The development of cancer is closely associated with the accumulation of not only oncogene and tumor suppressor mutations, but also epigenetic changes that alter chromatin structure and lead to dysregulated gene expression. Using colon cancer as a model, we previously showed that signature epigenetic alterations at gene enhancer elements underlie altered gene expression programs in cancer, indicating that enhancers are critical drivers of malignant transformation. We call these Variant Enhancer Loci, or VELs (Figure 1). This work has opened the door for new avenues of investigation including exploiting the enhancer alterations as biomarkers for early disease detection and as therapeutic targets for selectively killing tumor cells without harming normal cells. We are also investigating the role of VELs in the spreading of tumor cells from one organ to another, or metastasis, and whether we can leverage our knowledge of VELs toward the development of first in class targeted anti-metastatic therapies.

Figure 1. Variant Enhancer Loci (VELs)


Figure 1: The top depicts a normal colon, where the gene on the left associated with the enhancer histone mark (H3K4me1 – green balls) is turned on, and the gene on the right not associated with the enhancer mark is turned off. In colon cancer, the gene on the left has lost the enhancer mark and is turned off while the gene on the right has gained the mark and is turned on. VELs shared among multiple individual tumors constitute a signature of colon cancer. The genes associated with common VELs are reproducibly dysregulated across multiple colon tumors from patients (depicted in the heatmap), and drive a specific transcriptional program to promote colon carcinogenesis.

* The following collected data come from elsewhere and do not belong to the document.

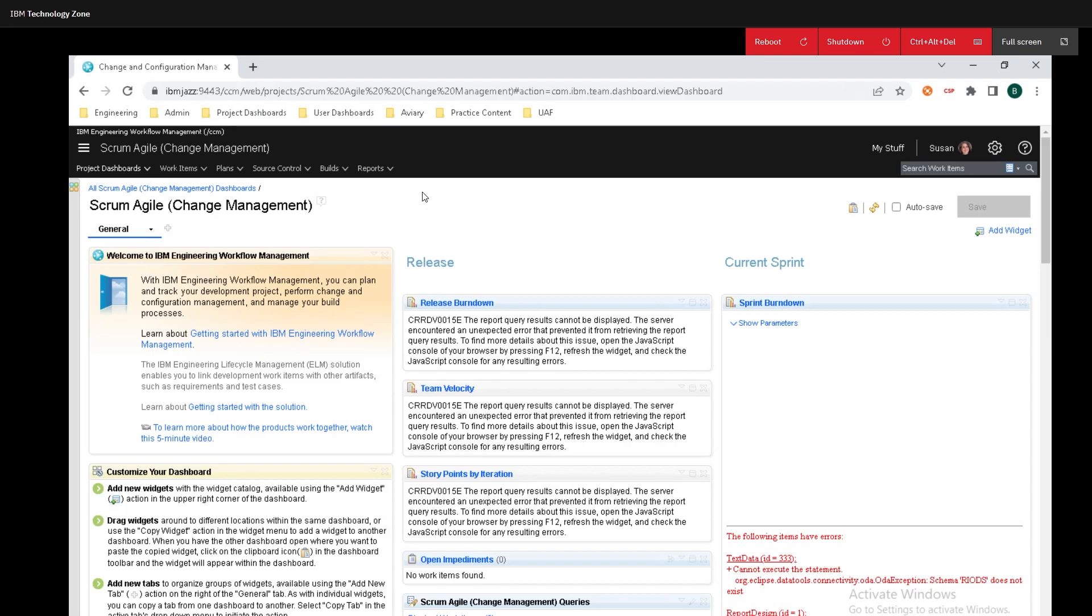Hey y'all, Regiment here from IBM and today I'm going to show you all how to create a timeline or an iteration in IBM's Engineering Workflow Management.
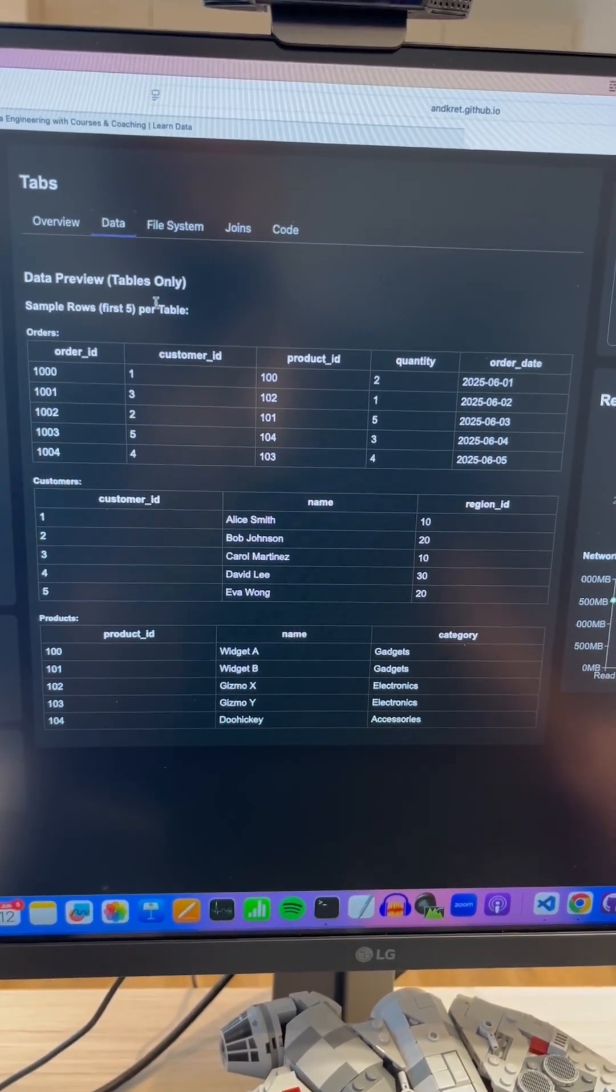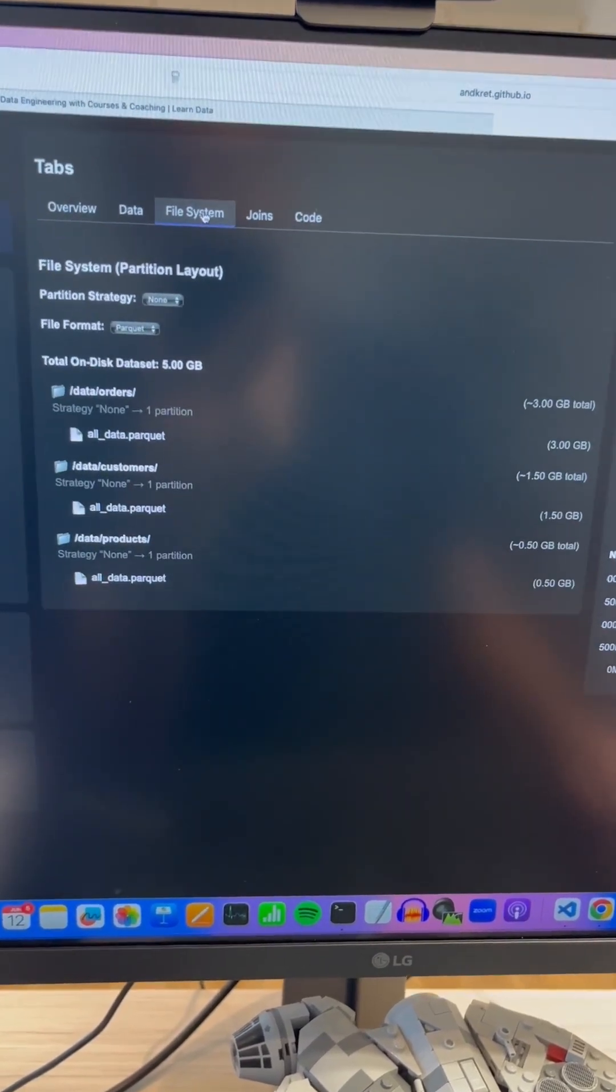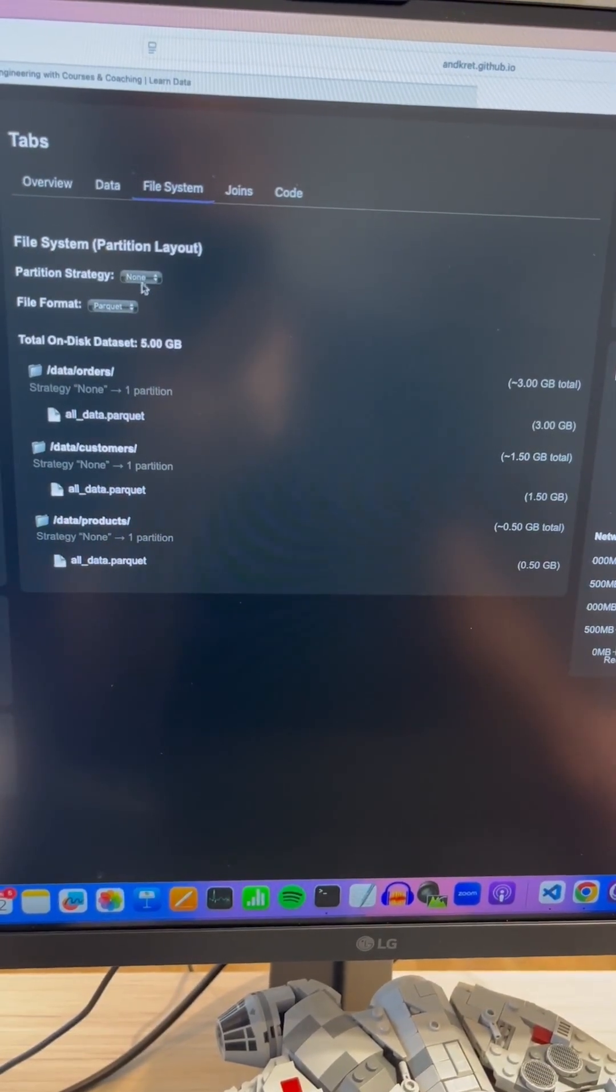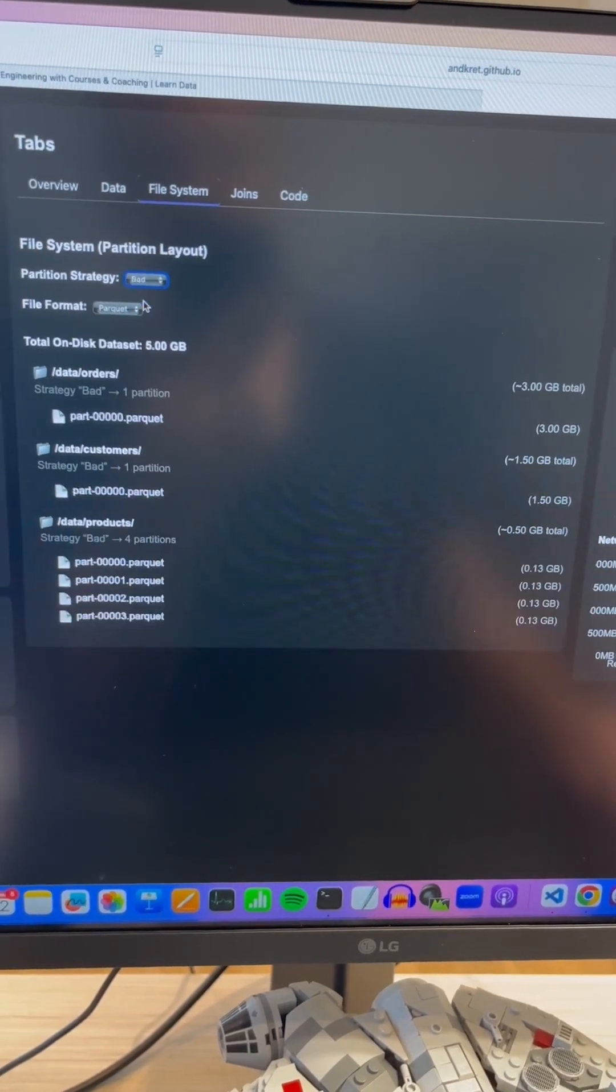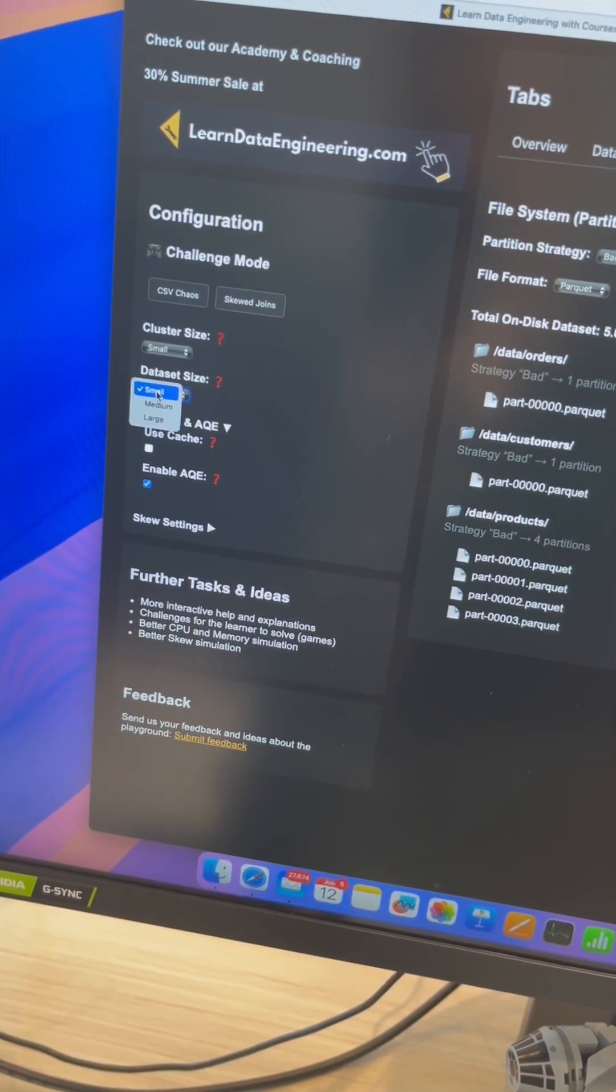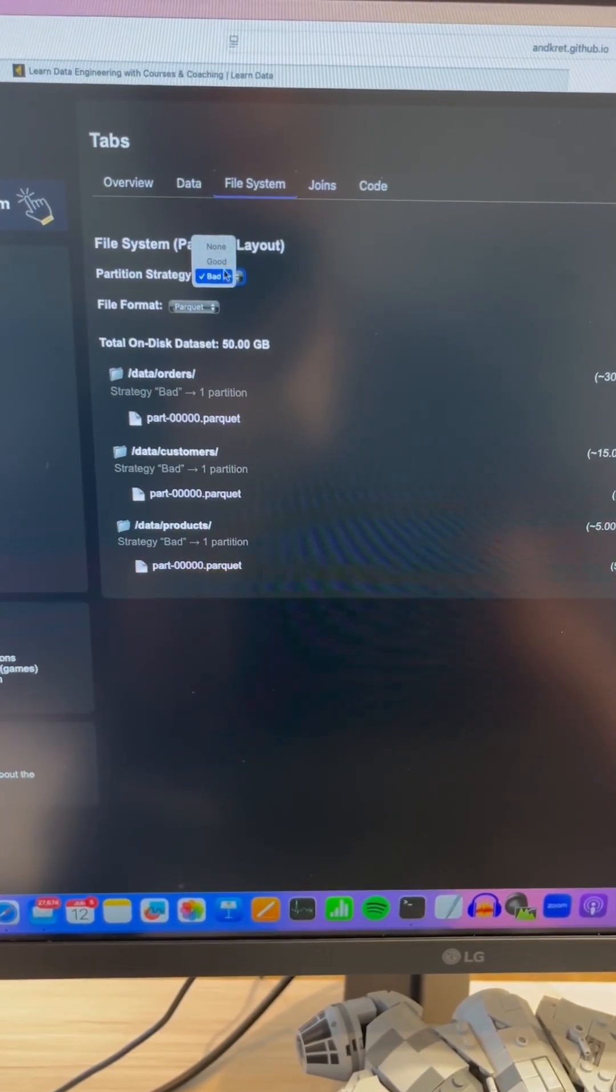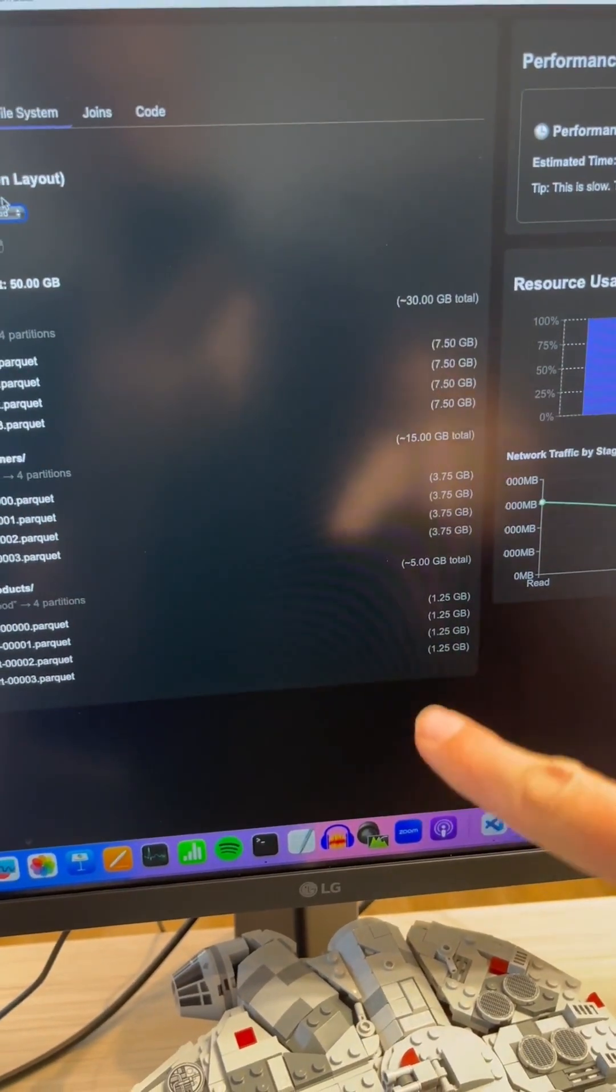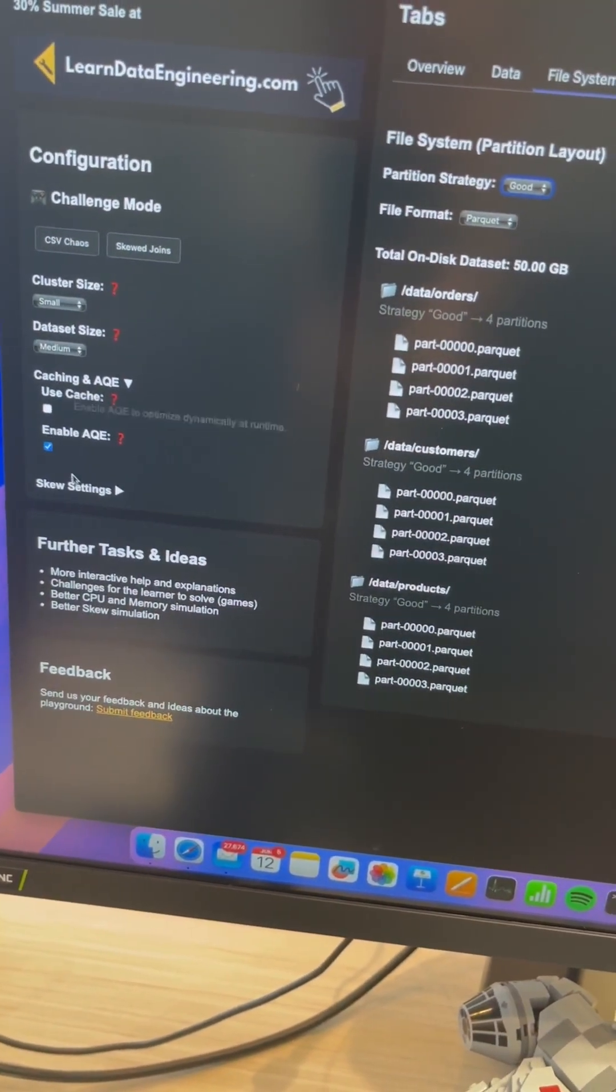Then you have the data as an overview and then you can say okay here's the file system and you can work on partitioning strategies. So let's just change the dataset here to medium for instance and then change this instead of bad change this to good.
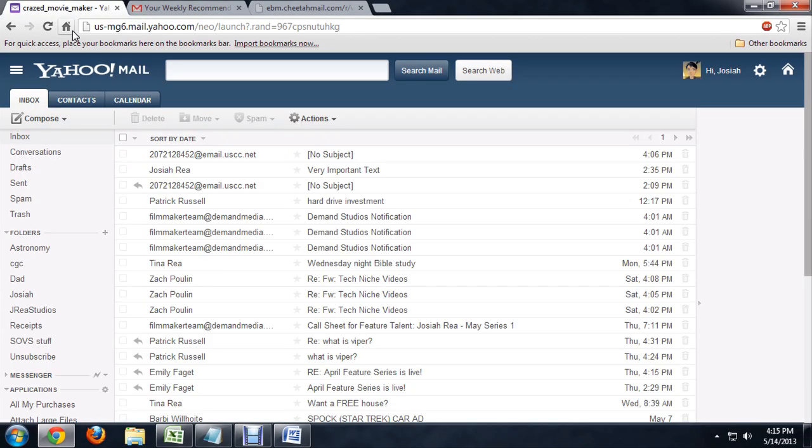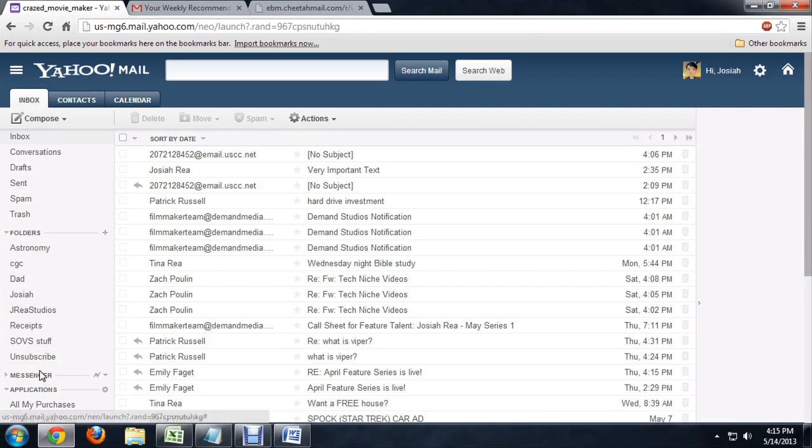If this doesn't work or if there is no unsubscribe link, there is another way to do it. I'm going to come over here to Yahoo and I've got this unsubscribe application that I've installed and it's pretty easy to find. It's actually one of the default applications that Yahoo puts in there. You just need to activate it.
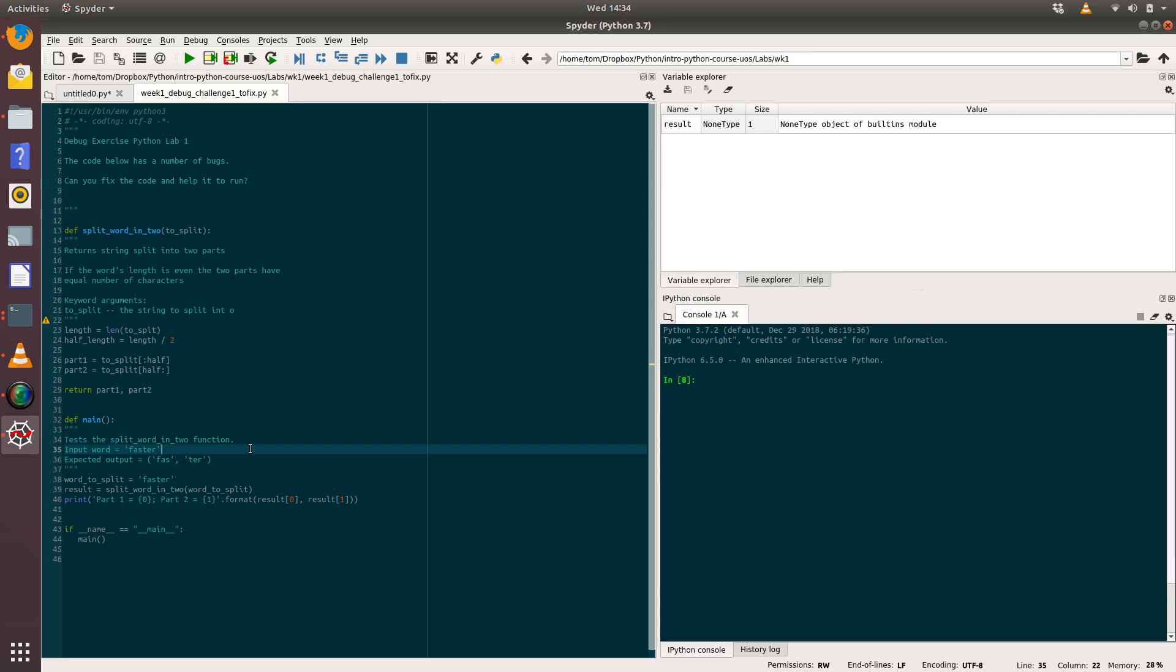Okay, so we're going to have a look at this week's debug challenge. If you open up week one underscore debug challenge one, that Python script file contains two functions: one called split_word_in_two and it contains main. Let's have a think about what this function is trying to do before we run it.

Collectively, common diseases comprise some of the most clinically pressing health related problems, including heart disease, diabetes, multiple sclerosis, arthritis, mental illness, and cancer. In the last decade, DNA variants (SNPs) associated with genetic susceptibility to these and many other common diseases have been identified through genome wide association studies (GWAS). Most of the discovered SNPs are localized outside genes, in non-coding regions of the genome. Our lab as well as others has shown that most of the SNPs lie in cell type-specific gene enhancer elements. The enhancer-SNPs presumably confer disease risk by influencing expression of their target genes, but mechanistic understanding of how this occurs is far from complete. In an effort to fill the knowledge gap, our team recently showed that the common disease variants often lie within clusters of enhancer elements, also referred to as super enhancers and stretch enhancers by others. SNPs distributed across multiple enhancers within the cluster collude to impact target gene expression. Thus, contrary to popular belief, there is not necessarily one causal SNP within a given GWAS locus that influences expression of the target gene and confers the risk to disease. We call this the “Multiple Enhancer Variant” (MEV) hypothesis (Figure 2). We are now utilizing murine-based approaches and biochemical analyses of chromatin architecture to study the relationship between MEVs and missing heritability in GWAS, and determine whether knowledge of the target genes and the effect of MEVs on transcription can be utilized for preventative or therapeutic measures for common diseases.

Figure 2. Multiple Enhancer Variants in Common Disease.


Figure 2. Drawing illustrates the concept of multiple enhancer variants impacting expression of a gene. The dimmer switches represent a cluster of three individual enhancer elements arranged in cis. These function cooperatively to regulate the level of a given gene, represented by the light bulb. DNA variants that predispose to common diseases often lie within enhancer clusters, and cooperatively impact expression of target genes by altering the individual enhancer set points.



A variety of genetic diseases are caused by mutations in genes encoding proteins that function at the level of chromatin. One such example is CHARGE syndrome, a congenital disorder characterized by a complex pattern of birth defects involving the eyes, ears, heart and other organs. The responsible gene is a chromatin remodeler called CHD7 (chromodomain helicase DNA binding protein 7). We discovered that CHD7 has dual roles as a transcriptional regulator in the nucleoplasm and the nucleolus. In the nucleoplasm, CHD7 binds to thousands of enhancer elements and regulates multiple genes that specify neural lineages and other cell types. In the nucleolus, CHD7 regulates ribosomal RNA levels, which are tightly coupled to cell proliferation rates. We are now combining mouse, zebrafish, and iPS-cell systems to further study the mechanism of CHD7 function during development and how the cellular deficiencies ultimately give rise to the multiple birth defects observed in CHARGE syndrome.